Este é o PGR que em Novembro de 2003, quando eu perguntei porque não se sabia nada de investigações sobre a pista lançada pela revista «Le Point» que apontava para dois ministros frequentadores do Parque Eduardo VII e ligados a actividades pedófilas, veio dizer que não havia matéria para investigar! Ora, bastava recuperar memórias da Esquadra da Alegria...
Não vale a pena esperar pelo inquérito sobre as cassetes roubadas que há dois dias o PGR não queria fazer e que o PM aparentemente lhe ordenou ontem que faça e rápido. É que nada do que este PGR pêgêerre tem já qualquer credibilidade. Excepto, claro, demitir-se.
Ana Gomes
Perguntas avulsas sobre as gravações «roubadas»
- O que disse Adelino Salvado ao jornalista? Segundo os jornais referiu-se a Ferro Rodrigues. O que disse que tanto incomodou o Governo, a ponto de o despedir sumariamente? E ao dize-lo foi apenas insensato, ou cometeu crime de violação de segredo de Justiça, ou, pior ainda, manipulou informação para manchar a reputação de Ferro Rodrigues e comprometer o PS, o que significa ter conspirado para subverter a democracia? E agiu assim por motu proprio ou a mando de alguém, mancomunado com alguém? De quem? Com quem? E não há responsabilidades politicas a pedir a quem o nomeou e manteve no cargo, designadamente à Sra. Dra. Celeste Cardona e ao Sr. Dr. José Manuel Durão Barroso?

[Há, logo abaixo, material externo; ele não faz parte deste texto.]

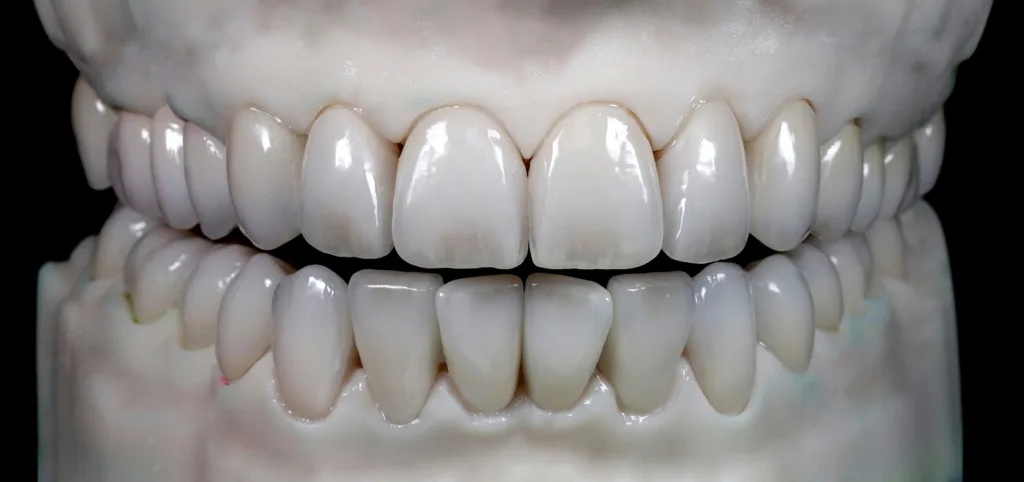 Abb. 9: Lithium-Disilikat-Kronen und -Veneers sowie eine Zirkonoxidbrücke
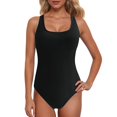 thumbnail image 1 of Women's Athletic Racerback Swimsuit - Color Block Boyleg Bathing Suit - Removable Padding - Nylon/Spandex - S-XXL - Lap Swimming, 1 of 4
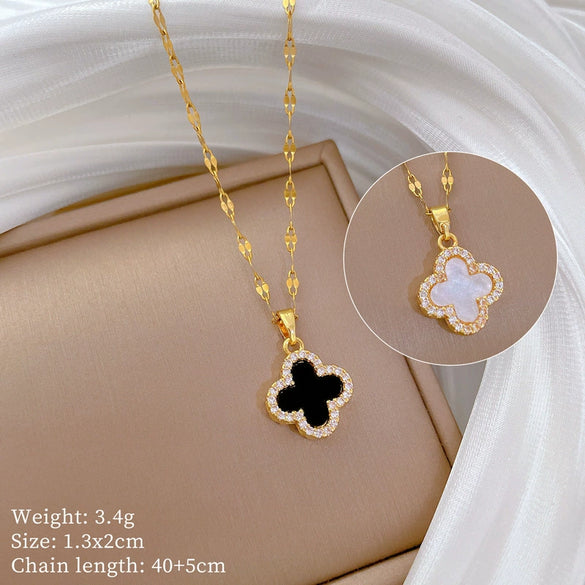 Titanium Steel Diamondencrusted Geometric Fourleaf Flower Cartoon Female Clavicle Necklace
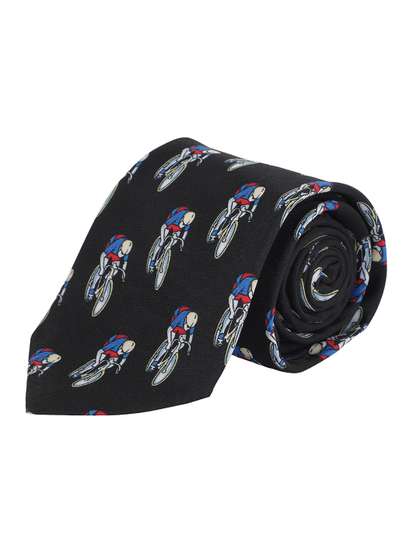 Alvaro Castagnino Men
                      Black & Blue Printed Skinny Tie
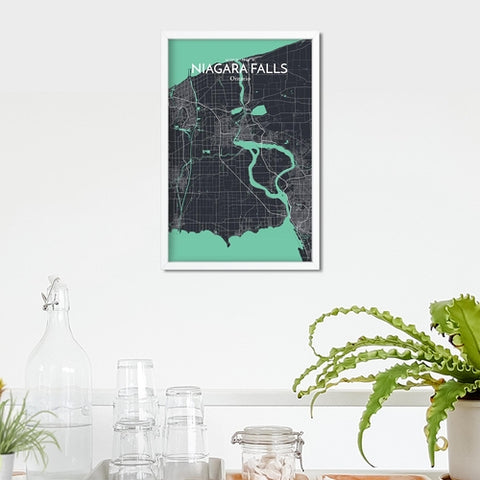 Niagara Falls City Map Poster – Detailed Art Print of Niagara Falls, Ontario for Home Decor, Office Decor, Travel Art, and Unique Gifts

- O que disseram ao jornalista a inspectora da PJ Rosa Mota e outros agentes da PJ que estão referenciados como regulares interlocutores do jornalista ? Uma das primeiras tarefas do novo Director da PJ vai ser investigar os crimes eventualmente praticados pelo seu antecessor e agentes sob as suas ordens, para começar a por a casa em ordem?
- O que disseram outros figurões do processo Casa Pia, como Catalina Pestana, Pedro Namora, Adelino Granja, Pedro Strecht, etc?.

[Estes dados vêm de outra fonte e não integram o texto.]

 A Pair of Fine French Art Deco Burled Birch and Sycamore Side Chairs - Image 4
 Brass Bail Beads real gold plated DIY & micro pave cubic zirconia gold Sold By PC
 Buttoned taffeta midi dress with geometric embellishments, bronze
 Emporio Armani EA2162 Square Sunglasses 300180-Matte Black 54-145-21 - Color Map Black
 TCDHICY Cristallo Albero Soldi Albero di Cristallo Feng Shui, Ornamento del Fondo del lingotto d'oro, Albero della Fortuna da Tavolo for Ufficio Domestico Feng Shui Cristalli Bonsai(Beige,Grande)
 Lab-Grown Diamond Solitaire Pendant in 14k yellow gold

- O que disseram ao jornalista do «Correio da Manhã» magistrados ligados à investigação do caso Casa Pia ? Que magistrados ?

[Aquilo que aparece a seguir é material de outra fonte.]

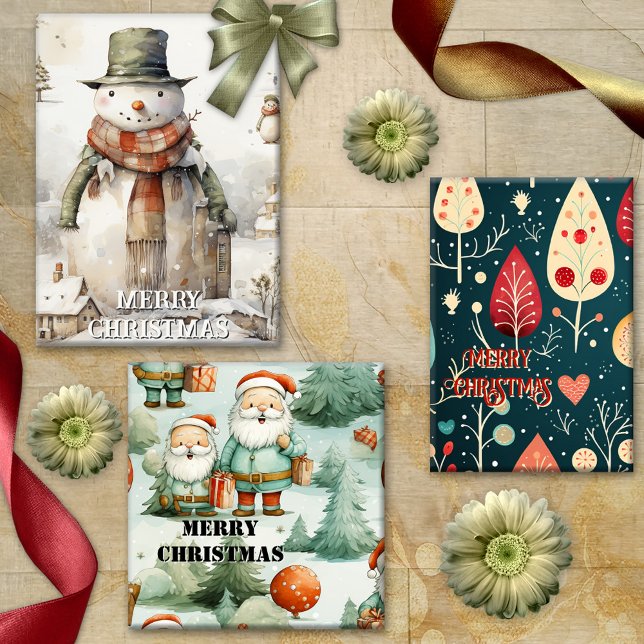 Whimsical Retro Watercolor Artistic Christmas Wrapping Paper Sheet (Cute Christmas wrapping paper sheets with a variety of different designs and styles )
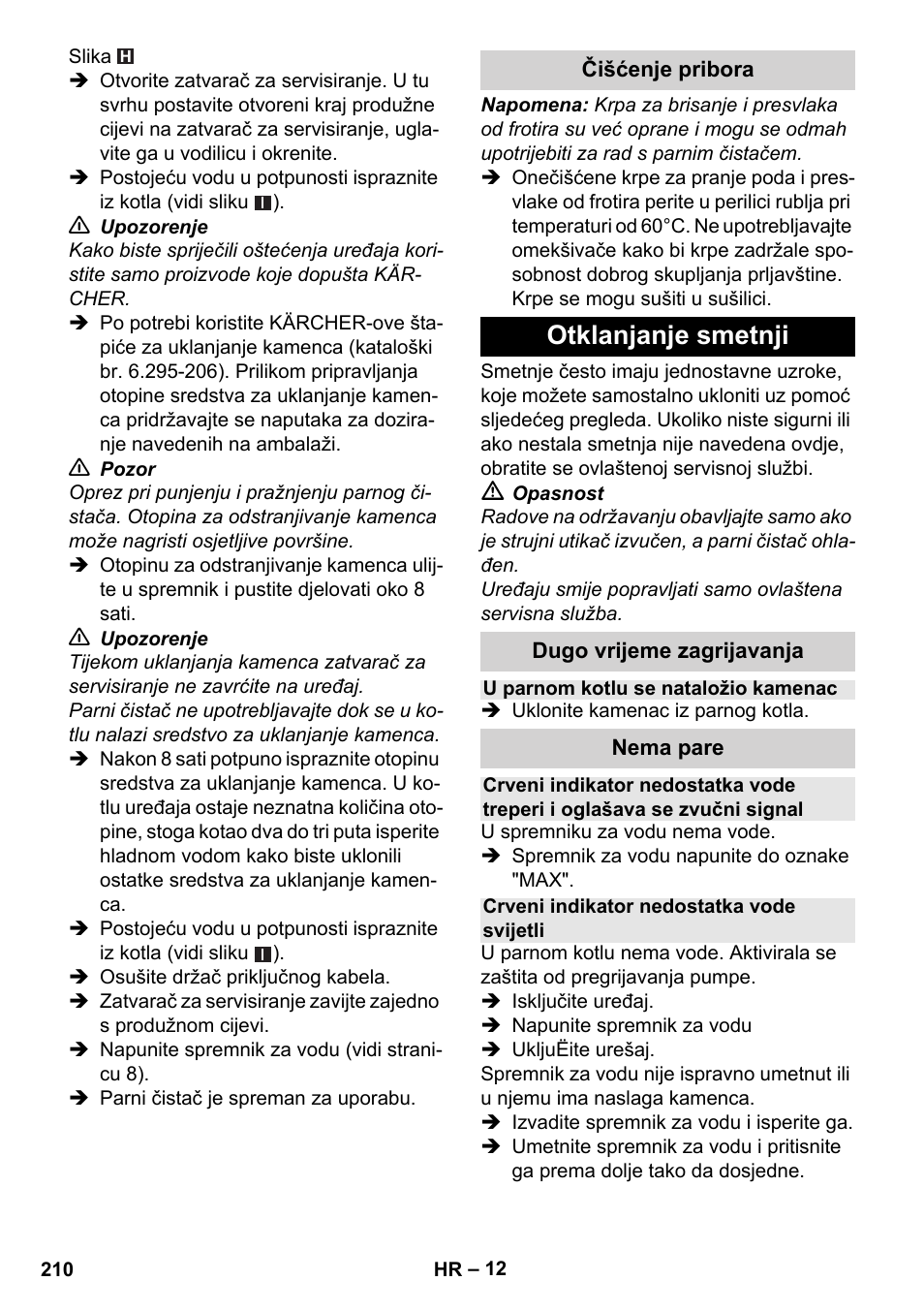 Otklanjanje smetnji | Karcher Stirerie SI 2-600 CB User Manual | Page 210 / 298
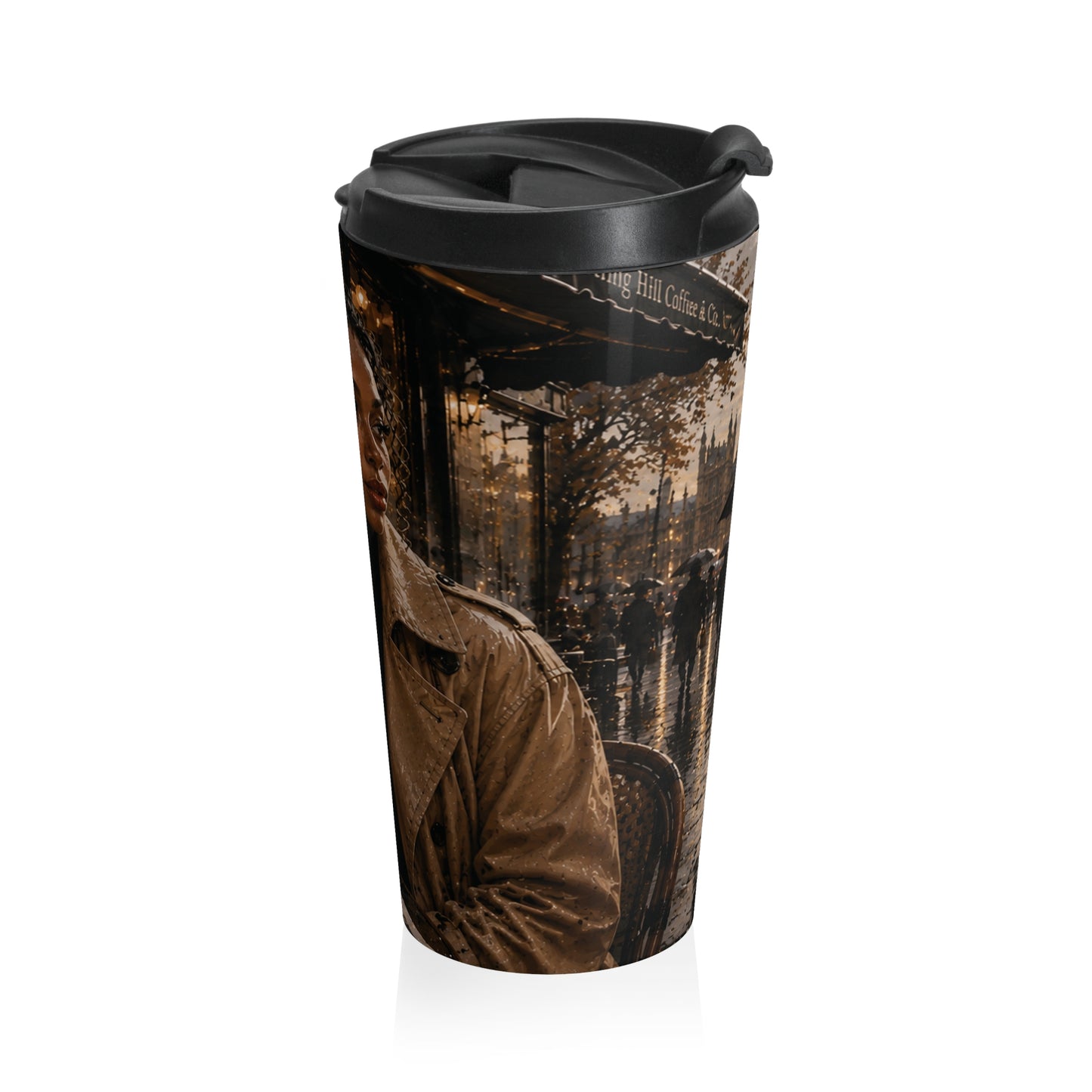 London Coffeehouse Travel Tumbler | Cozy Café Art Coffee Mug — Chic Coffee Tumbler for Commuters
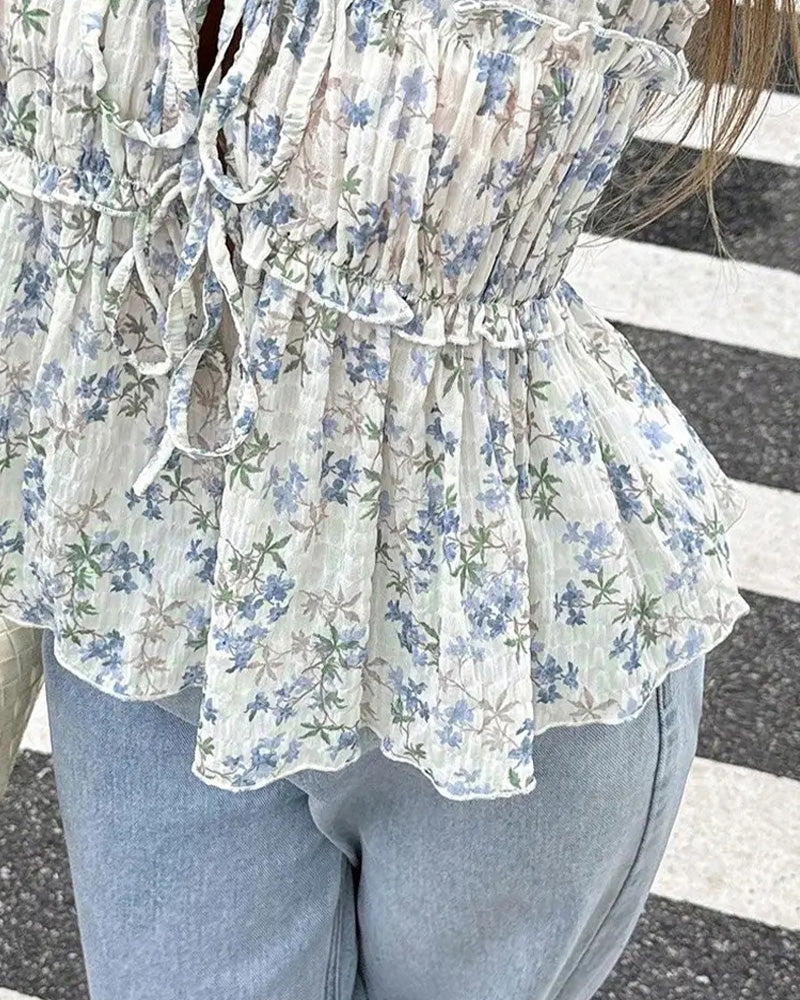 Blouse Florale Manche Volantée Col V Attache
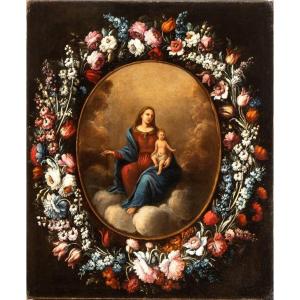 Madonna Of The Rosary In A Garland Of Flowers, Painting , Rome XVIIth Century 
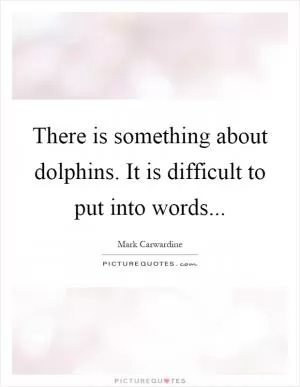 There is something about dolphins. It is difficult to put into words Picture Quote #1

- O PGR, Souto Moura, falou com o jornalista? O que lhe disse? E a sua assessora de imprensa, Sara Pina ?
Ana Gomes
Em causa o Estado de Direito e a Democracia
Não, não nos vamos contentar com nada menos do que toda a verdade, nua e crua, sobre o conteúdo das gravações, acessível a todos os portugueses.
Como a mulher de César, à Justiça não importa apenas ser séria, importa parecê-lo. E não parece.
Não basta mandar para casa o Dr. Adelino Salvado. Vai ter de se esclarecer tudo e apurar responsabilidades políticas, profissionais e criminais, doa a quem doer, esteja por detrás ou pela frente quem estiver. E não apenas por Ferro Rodrigues, Paulo Pedroso e o PS vilipendiados. Mas pelas crianças abusadas na Casa Pia. E pela Justiça e pelo Estado de Direito democrático.
Para mim, cidadã da República Portuguesa, está muito em causa, para além da privacidade dos interlocutores do jornalista gravador e roubado.
Está em causa o funcionamento da Justiça, que tem agentes que deviam ser garantes do segredo de justiça e parecem ser os primeiros a violá-lo em conversas com jornalistas.
Está em causa o funcionamento da Justiça, que tem agentes que deveriam ser os principais garantes da imparcialidade e isenção da investigação criminal e sob os quais recaem fortes suspeitas de serem, afinal, manipuladores dela e da informação prestada ao público sobre ela.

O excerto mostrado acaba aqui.